=== Dataset entries ===

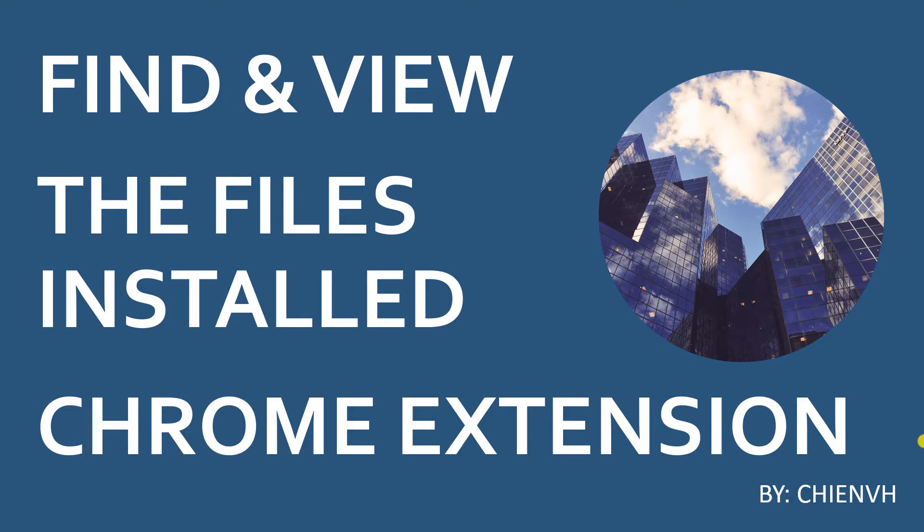Hi, in this video today I would like to show you how to find and view the files installed in the Chrome extension.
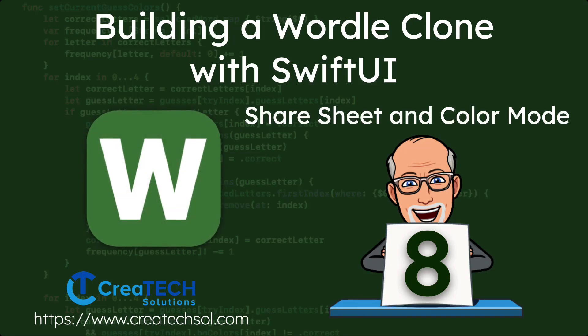Hi, my name is Stuart Lynch and this is the eighth of nine videos in the Building a Wordle App clone series.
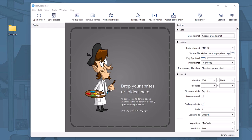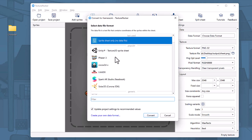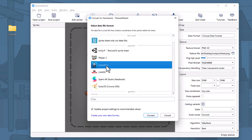Ready to make sprite sheet creation a breeze with Texture Packer? Let's dive in. Start by selecting your preferred game engine. We support more than 30 engines right out of the box.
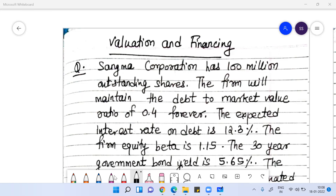Welcome everyone. We'll discuss this problem. There's a company called Sagma Corporation. This company has a hundred million outstanding shares.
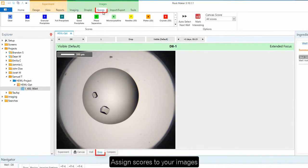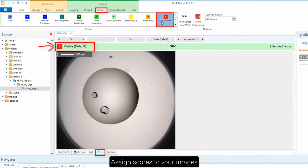Scoring images is quick and easy in RockMaker. You can assign scores to your images from the menu or by using hotkeys that you can set yourself.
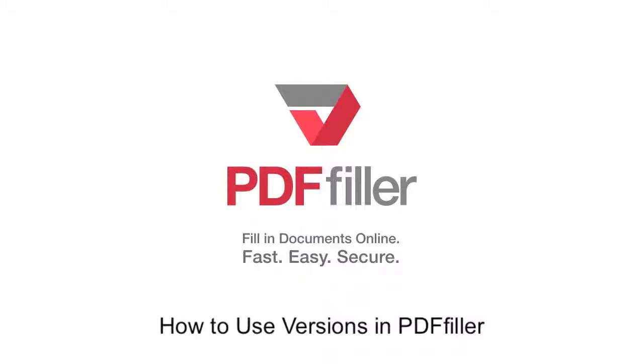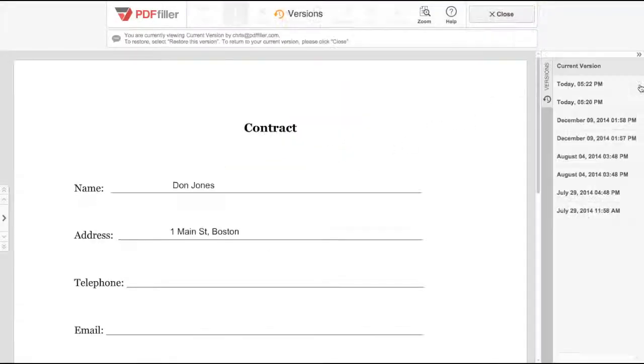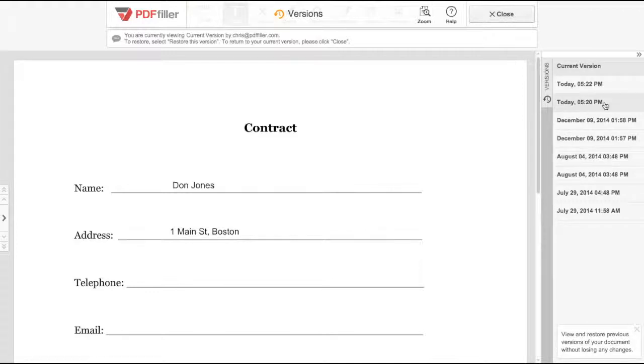How to use versions in PDF Filler. In the editor, select versions on the right. A sidebar will open showing all versions of the current document.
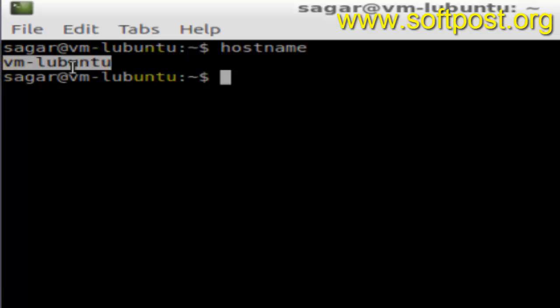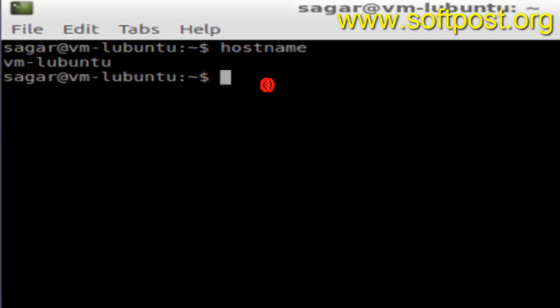The name of my system is vm-lubuntu. So this is how you can find the hostname in Linux or Ubuntu.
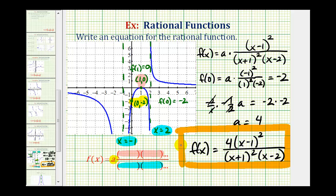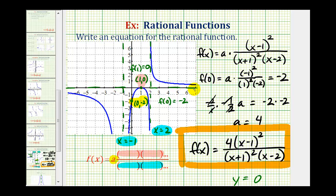Notice how the degree of the numerator is two and the degree of the denominator is three. Because the degree of the numerator is less than the degree of the denominator, we have a horizontal asymptote of y equals zero — the x-axis. Looking at the graph, the graph is approaching the x-axis to the left and to the right, which confirms our answer.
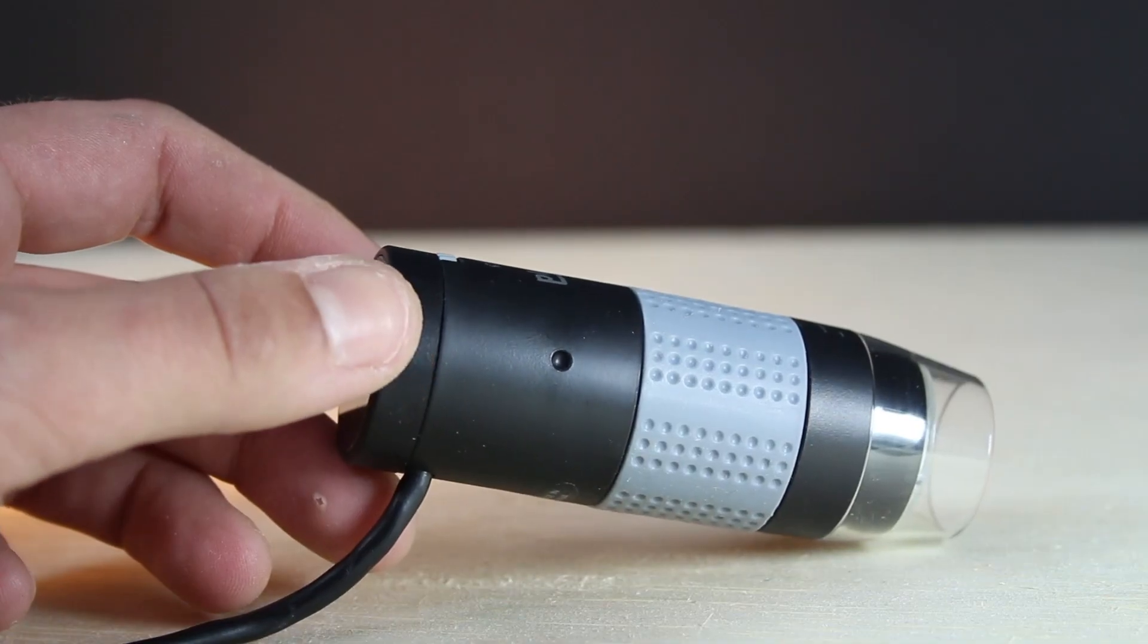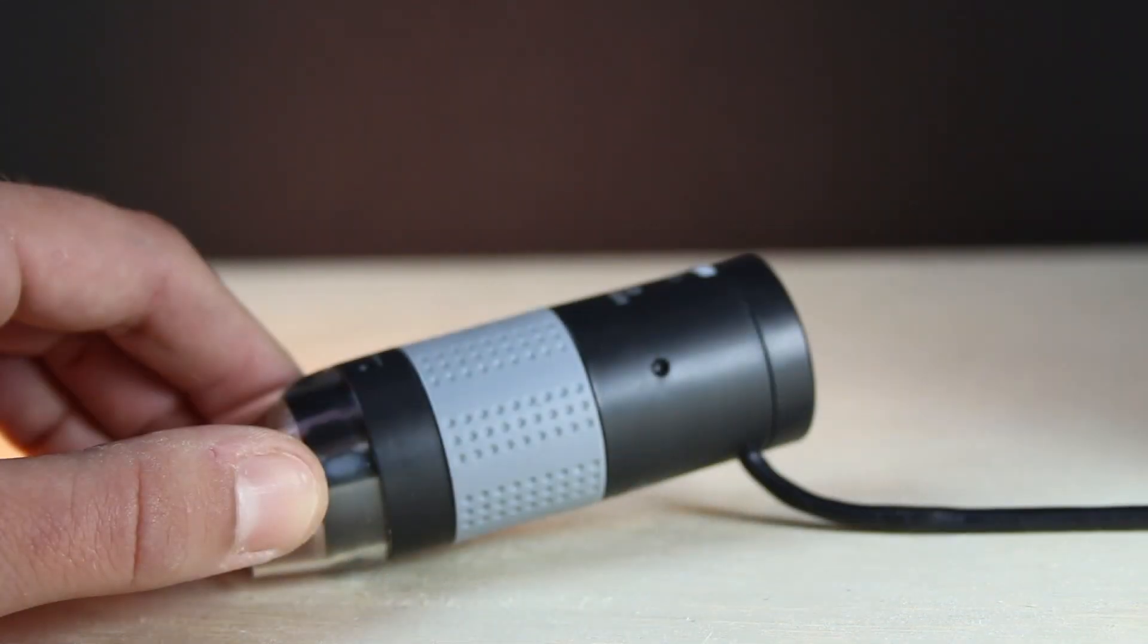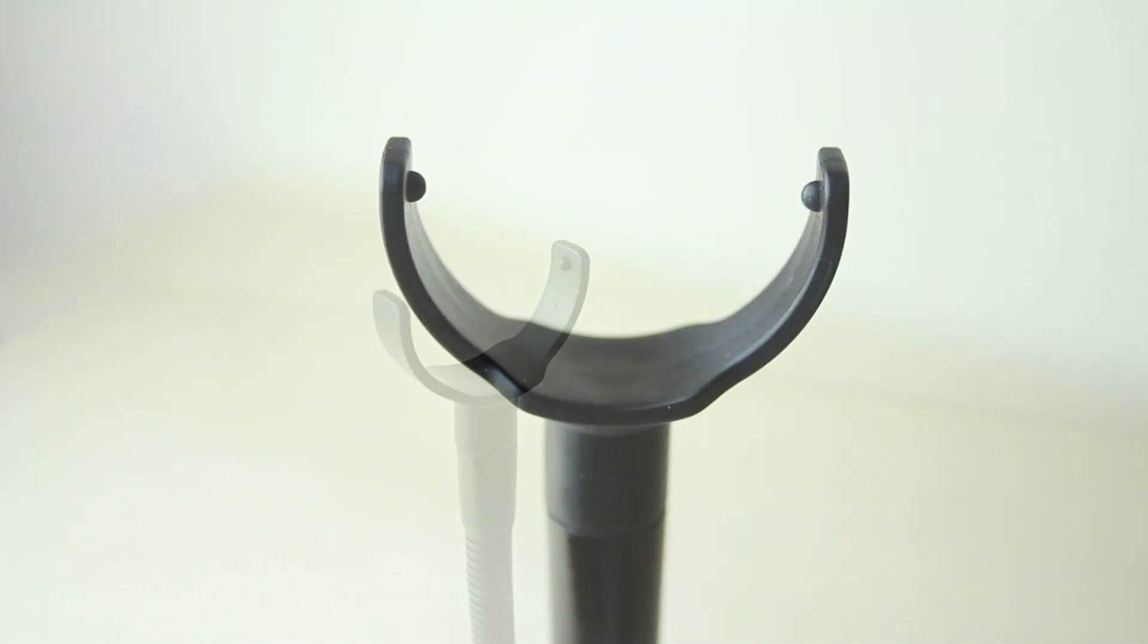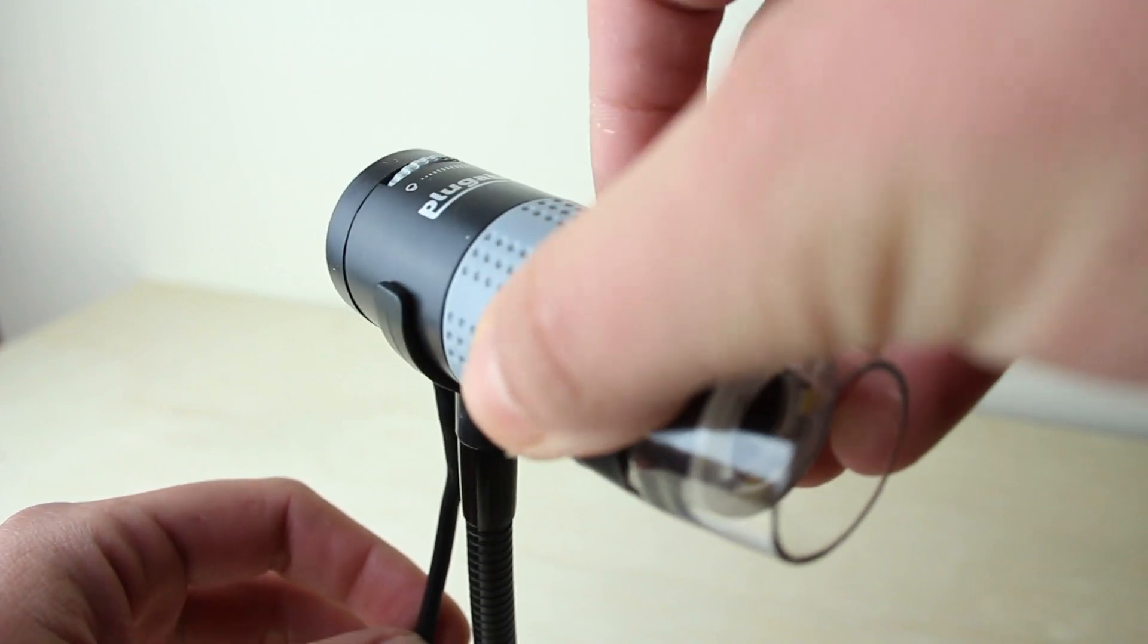You'll notice there are two small holes on both sides of the microscope, which have been designed to easily attach and detach to the microscope stand.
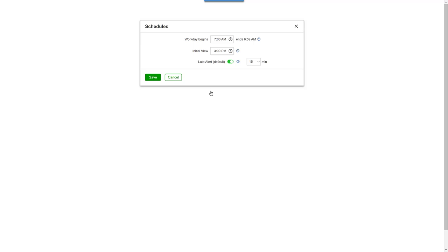So rather than have the schedules and timesheets show two different dates, it can be convenient to set the workday to run from 7 a.m. until 7 a.m. the next day. By doing so...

===

# Exercise instructions
Beginning with the line in which "Scoring images is" appears, repeat exactly each line down to the close of the material, leaving every picture out.

# Output
Scoring images is quick and easy in RockMaker. You can assign scores to your images from the menu or by using hotkeys that you can set yourself.
How to use versions in PDF Filler. In the editor, select versions on the right. A sidebar will open showing all versions of the current document.
The name of my system is vm-lubuntu. So this is how you can find the hostname in Linux or Ubuntu.
Notice how the degree of the numerator is two and the degree of the denominator is three. Because the degree of the numerator is less than the degree of the denominator, we have a horizontal asymptote of y equals zero — the x-axis. Looking at the graph, the graph is approaching the x-axis to the left and to the right, which confirms our answer.
You'll notice there are two small holes on both sides of the microscope, which have been designed to easily attach and detach to the microscope stand.
So rather than have the schedules and timesheets show two different dates, it can be convenient to set the workday to run from 7 a.m. until 7 a.m. the next day. By doing so...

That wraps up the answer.